== Exercise ==
Starting at the first line of the data, print each line verbatim up to and including the line bearing "손뜨개 사과키링 가죽끈 핸드메이드", omitting pictures.

== Provided material ==

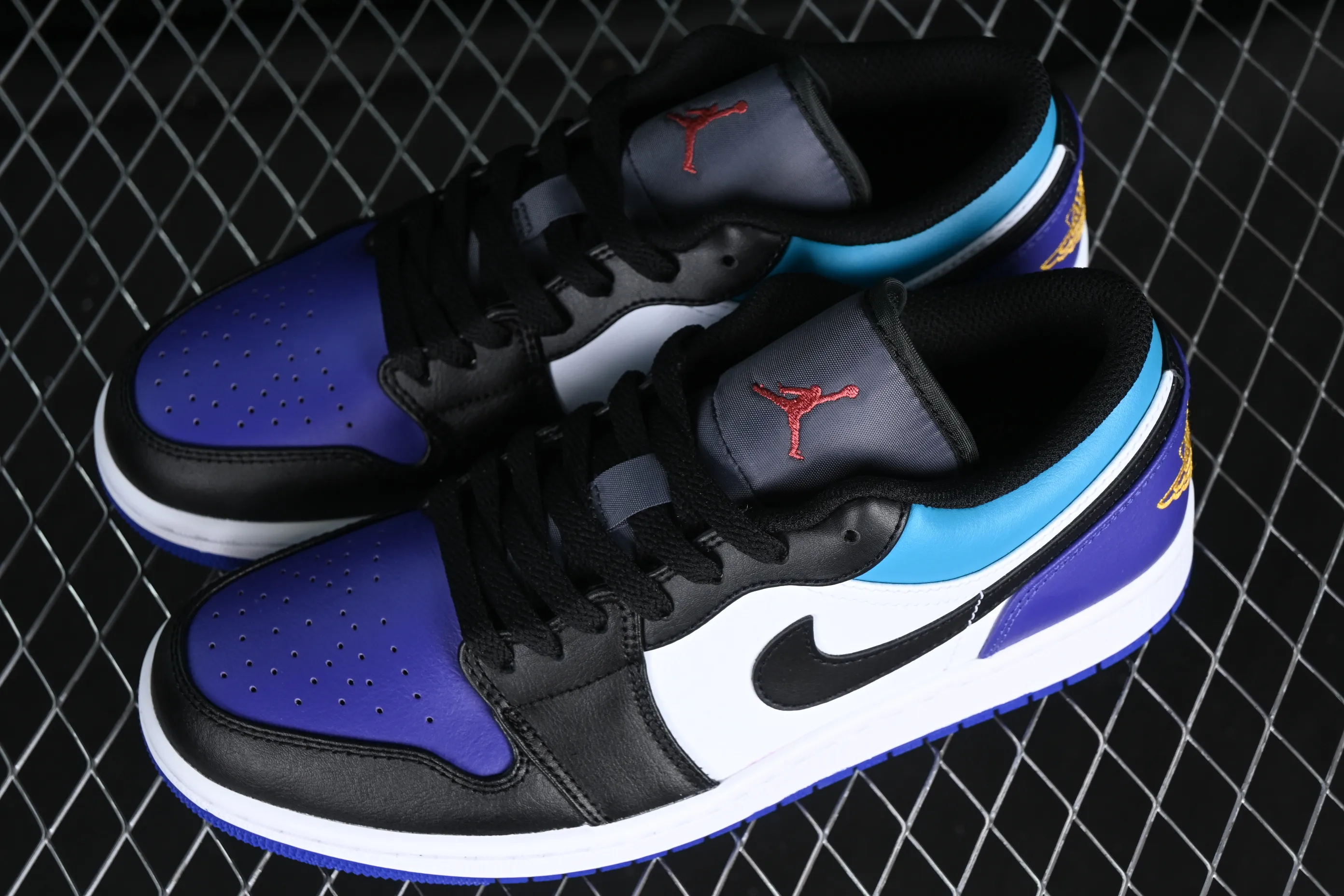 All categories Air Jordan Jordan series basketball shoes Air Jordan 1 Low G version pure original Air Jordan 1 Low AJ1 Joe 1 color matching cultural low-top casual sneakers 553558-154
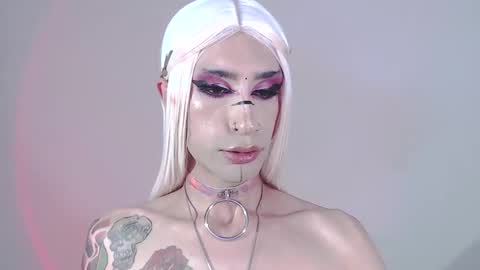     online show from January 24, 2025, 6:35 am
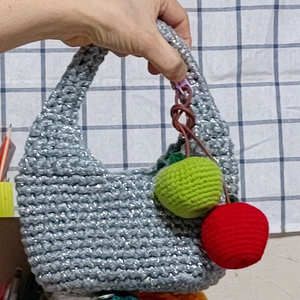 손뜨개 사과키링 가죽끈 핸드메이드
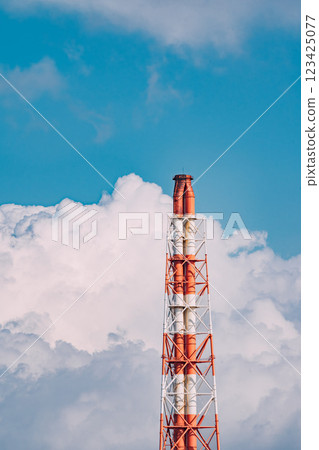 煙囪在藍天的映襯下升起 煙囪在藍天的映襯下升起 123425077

== Result of the task ==
 All categories Air Jordan Jordan series basketball shoes Air Jordan 1 Low G version pure original Air Jordan 1 Low AJ1 Joe 1 color matching cultural low-top casual sneakers 553558-154
     online show from January 24, 2025, 6:35 am
 손뜨개 사과키링 가죽끈 핸드메이드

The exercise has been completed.